“Mamma ha provato a strozzarmi”. È una delle frasi dette nel 2023 ai carabinieri da Giovanni, il bambino di 9 anni ucciso a coltellate mercoledì sera a Muggia (Trieste) da Olena Stasiuk (ucraina)
All’epoca i militari erano intervenuti nell’abitazione del padre, il 58enne Paolo Trame, per sedare una lite fra i genitori separati. Le rivelazioni del piccolo, risalenti al giugno di due anni fa, sono contenute in circa 5mila fogli tra verbali giudiziari, denunce, sentenze e relazioni di assistenti sociali riemerse con forza dopo l’infanticidio. Ora il ministero della Giustizia intende chiarire le ragioni che avevano portato il tribunale ad autorizzare incontri “non protetti” tra madre e figlio.
Due le inchieste aperte
Le inchieste aperte sul caso sono due. La prima, penale, vuole stabilire come sia stato possibile che una donna in passato in cura in un Centro di Salute Mentale triestino e seguita dai servizi sociali di Muggia abbia potuto uccidere il figlio approfittando di un incontro svoltosi senza la presenza degli assistenti preposti. La seconda inchiesta è ministeriale, attraverso la quale il Guardasigilli intende far luce sulle procedure e sulle decisioni che hanno portato alla tragedia.
Le parole del bambino nei verbali del 2023
Nel giugno 2023 il bambino, allora di otto anni, aveva raccontato ai carabinieri episodi di violenza avvenuti durante le visite con la madre. “Mi ha preso per il collo con entrambe le mani”, spiegò mimando il gesto dello strangolamento. Le frasi sono riportate nei verbali allegati agli atti custoditi dalla legale Gigliola Bridda, che per anni ha assistito il padre del piccolo. L’avvocatessa, che ha seguito il caso fino alla primavera del 2024, ha parlato di “una vicenda complessa, monitorata dalle istituzioni ma sottovalutata nei suoi passaggi decisivi”.
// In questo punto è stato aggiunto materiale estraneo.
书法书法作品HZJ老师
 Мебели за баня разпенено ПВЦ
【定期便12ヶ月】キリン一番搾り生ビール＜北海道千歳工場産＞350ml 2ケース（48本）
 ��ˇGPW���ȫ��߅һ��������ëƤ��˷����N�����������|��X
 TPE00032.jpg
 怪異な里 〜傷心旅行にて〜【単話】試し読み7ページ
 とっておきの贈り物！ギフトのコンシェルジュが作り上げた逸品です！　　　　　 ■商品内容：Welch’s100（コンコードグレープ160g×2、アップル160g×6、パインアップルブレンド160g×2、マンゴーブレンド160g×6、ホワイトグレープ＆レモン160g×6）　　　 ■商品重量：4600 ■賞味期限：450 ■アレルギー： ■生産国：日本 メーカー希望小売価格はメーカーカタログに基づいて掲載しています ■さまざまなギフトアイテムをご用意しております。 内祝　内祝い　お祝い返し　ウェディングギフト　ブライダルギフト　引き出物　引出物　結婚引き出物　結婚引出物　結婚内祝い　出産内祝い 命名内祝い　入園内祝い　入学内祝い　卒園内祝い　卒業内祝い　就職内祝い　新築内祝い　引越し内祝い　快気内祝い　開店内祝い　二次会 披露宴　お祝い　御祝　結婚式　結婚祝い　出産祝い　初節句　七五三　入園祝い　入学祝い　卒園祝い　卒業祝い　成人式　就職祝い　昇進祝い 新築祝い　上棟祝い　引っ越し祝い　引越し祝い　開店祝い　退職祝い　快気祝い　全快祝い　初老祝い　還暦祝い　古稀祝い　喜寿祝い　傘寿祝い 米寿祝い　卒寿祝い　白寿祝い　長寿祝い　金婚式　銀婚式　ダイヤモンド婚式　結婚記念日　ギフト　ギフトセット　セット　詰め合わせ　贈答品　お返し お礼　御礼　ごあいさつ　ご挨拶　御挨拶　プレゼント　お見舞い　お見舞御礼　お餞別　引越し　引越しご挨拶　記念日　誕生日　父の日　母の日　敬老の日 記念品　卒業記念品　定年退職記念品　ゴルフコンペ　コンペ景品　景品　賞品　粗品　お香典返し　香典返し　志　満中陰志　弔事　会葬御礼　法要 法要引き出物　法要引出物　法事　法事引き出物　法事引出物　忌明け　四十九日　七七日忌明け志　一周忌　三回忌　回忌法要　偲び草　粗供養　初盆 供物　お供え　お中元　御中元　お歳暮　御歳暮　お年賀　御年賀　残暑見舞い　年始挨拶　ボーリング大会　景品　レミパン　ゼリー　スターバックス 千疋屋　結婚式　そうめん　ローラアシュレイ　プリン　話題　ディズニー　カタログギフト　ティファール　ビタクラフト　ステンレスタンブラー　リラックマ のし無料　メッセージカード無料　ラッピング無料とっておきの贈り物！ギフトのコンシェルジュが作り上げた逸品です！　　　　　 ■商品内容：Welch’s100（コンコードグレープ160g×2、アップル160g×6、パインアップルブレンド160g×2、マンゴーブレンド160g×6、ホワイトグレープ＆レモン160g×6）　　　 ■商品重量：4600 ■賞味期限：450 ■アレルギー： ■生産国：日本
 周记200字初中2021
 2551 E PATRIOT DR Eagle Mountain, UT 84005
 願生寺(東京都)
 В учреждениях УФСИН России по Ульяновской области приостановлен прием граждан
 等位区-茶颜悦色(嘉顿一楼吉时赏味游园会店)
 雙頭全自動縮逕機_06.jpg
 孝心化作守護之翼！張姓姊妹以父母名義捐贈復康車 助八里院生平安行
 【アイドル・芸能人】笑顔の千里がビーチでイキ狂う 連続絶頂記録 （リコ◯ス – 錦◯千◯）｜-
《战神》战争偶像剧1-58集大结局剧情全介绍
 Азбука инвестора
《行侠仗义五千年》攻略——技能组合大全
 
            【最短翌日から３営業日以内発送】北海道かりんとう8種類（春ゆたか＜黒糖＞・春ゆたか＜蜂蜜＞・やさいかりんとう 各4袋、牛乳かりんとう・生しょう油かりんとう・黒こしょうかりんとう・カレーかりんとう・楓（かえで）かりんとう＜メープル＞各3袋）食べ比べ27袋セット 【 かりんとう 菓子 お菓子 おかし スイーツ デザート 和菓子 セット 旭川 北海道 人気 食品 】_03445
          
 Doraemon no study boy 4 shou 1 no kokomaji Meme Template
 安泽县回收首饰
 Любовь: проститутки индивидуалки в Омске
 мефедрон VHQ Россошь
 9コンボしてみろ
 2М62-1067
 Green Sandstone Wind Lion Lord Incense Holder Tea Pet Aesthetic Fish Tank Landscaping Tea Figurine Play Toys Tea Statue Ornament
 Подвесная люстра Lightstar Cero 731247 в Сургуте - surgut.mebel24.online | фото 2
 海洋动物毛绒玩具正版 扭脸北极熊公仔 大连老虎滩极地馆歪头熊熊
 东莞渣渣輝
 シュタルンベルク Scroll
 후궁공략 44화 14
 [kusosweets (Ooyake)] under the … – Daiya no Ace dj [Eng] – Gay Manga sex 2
Una storia di segnalazioni e archiviazioni
Il conflitto tra i due ex coniugi risale al 2017, anno in cui si sono separati. Negli anni successivi si sono susseguite denunce, relazioni dei servizi sociali e decisioni giudiziarie. In un episodio del 2018, secondo quanto emerge dalle carte, la stessa Olena Statiuk avrebbe minacciato di togliersi la vita insieme al figlio. Nonostante le segnalazioni, alcuni procedimenti sono stati archiviati: in particolare, l’accusa di lesioni per il presunto tentativo di strangolamento del bambino. Il pm ritenne che le ferite, giudicate guaribili in tre giorni, potessero essere compatibili anche con “eventi accidentali”. Una tesi accolta dal gip.
La decisione del tribunale e gli incontri “non protetti” tra madre e figlio
Il 13 maggio 2024 il tribunale civile aveva stabilito che gli incontri tra madre e figlio potessero avvenire anche senza la presenza di assistenti sociali. Una decisione che, secondo la ricostruzione della difesa del padre, arrivò dopo che i servizi avevano segnalato “progressi” nelle condizioni della donna, seguita da un Centro di Salute Mentale. Quella sentenza è ora al centro delle verifiche del ministero della Giustizia, che vuole comprendere le motivazioni alla base del via libera agli incontri “non protetti”, durante uno dei quali si è consumato il delitto.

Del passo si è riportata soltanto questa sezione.